In this study, 298 of 606 patients developed HF required hospitalization during follow-up. As many as 65% of patients with HF were left ventricular EF preserved. Twenty-four significant variables were choosen from baseline characteristics (shown in Table 1 and Suppl. Table 1). The performance of XGBoost, RF, and AdaBoost were assessed using fivefold cross-validation, the AUC values of training set were 0.844, 0.931, and 0.821, respectively (shown in Suppl. Figure 2(A)), the AUC values of validation set were 0.793, 0.794, and 0.794, respectively (shown in Suppl. Figure 2(B)). Finally, the optimal model of RF with the highest AUC was selected for modeling.
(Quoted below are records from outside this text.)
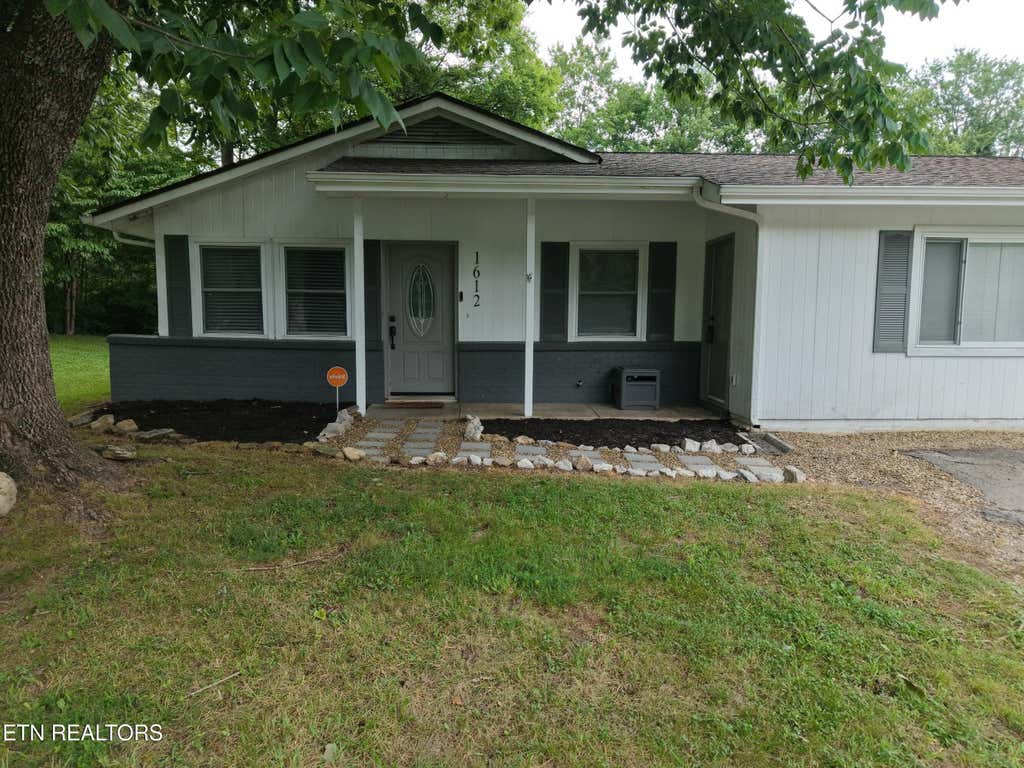 Photo of 1612 Bradshaw Garden Rd, Knoxville, TN 37912 (MLS # 1350942)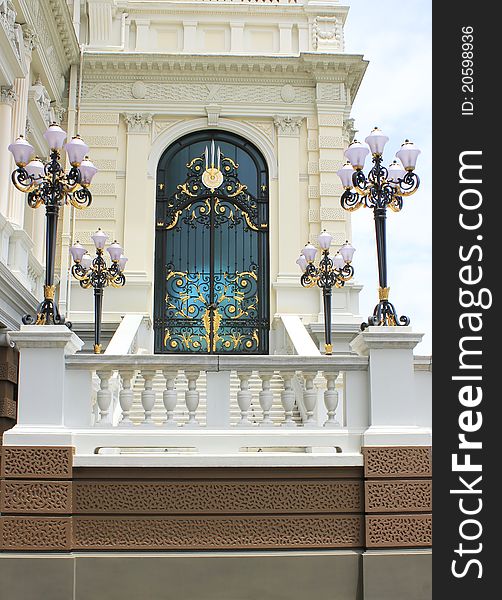 Grand arch door of The Chakri Maha Prasat Throne Hall, Bangkok, Thailand. Photo taken on: July 18th, 2011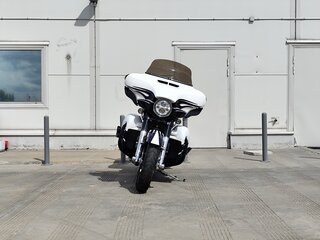 2015 Harley-Davidson CVO Street Glide, белый, 1590000 рублей, вид 3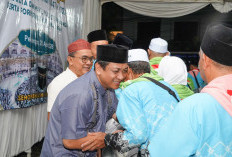 Wali Kota Pekalongan Lepas 210 Jamaah Haji Kloter 14 SOC, Doakan Selamat dan Mabrur
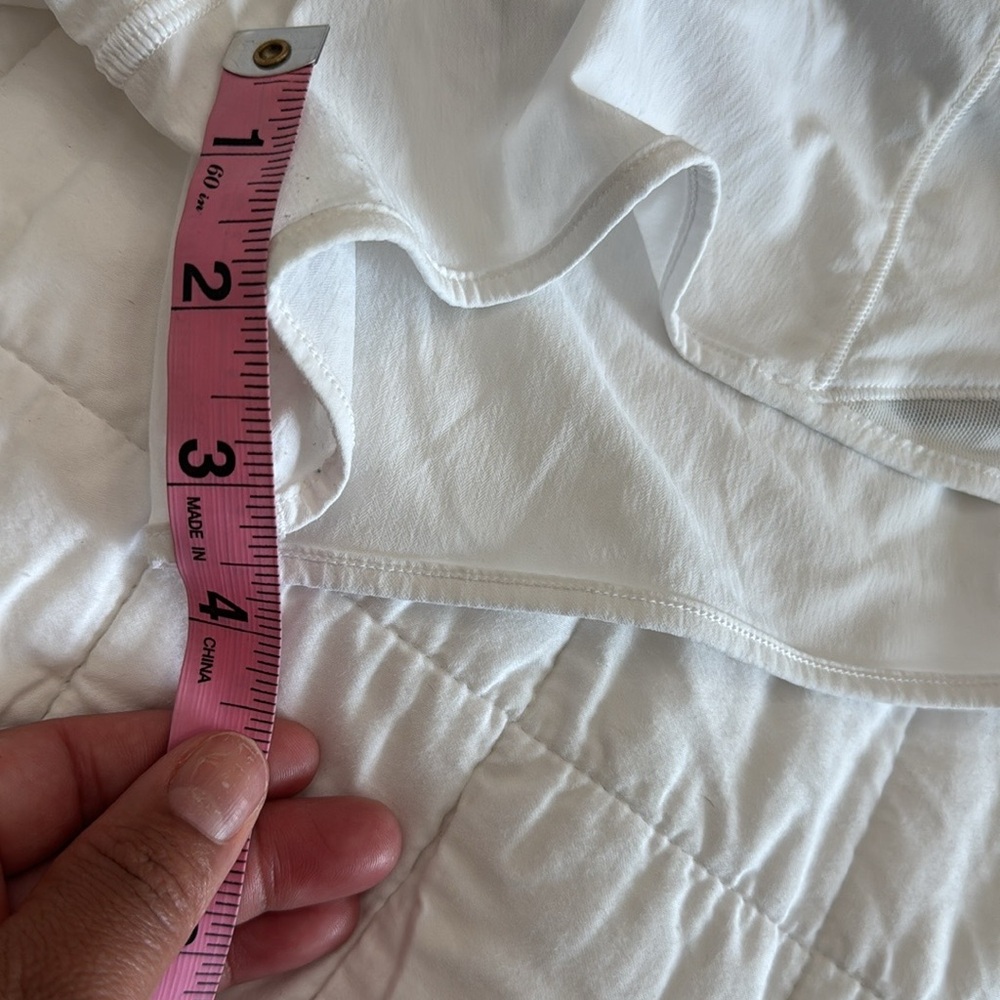 Lululemon Hotty Hot High-Rise Lined Short 2.5" - Picture 6 of 9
Each index of the optimal model in the test set and the test set ROC curve are presented in Table 2 and Figure 1. Figure 2(A) presents the risk variables for predicting HF from the RF model. CCI2 (the history of congestive HF) was the most important risk factor. Systolic blood pressure (SBP), body mass index (BMI), and other risk factors followed.

Figure 1. The ROC curve for the random forest model for predicting heart failure in the test set. AUC: area under the curve.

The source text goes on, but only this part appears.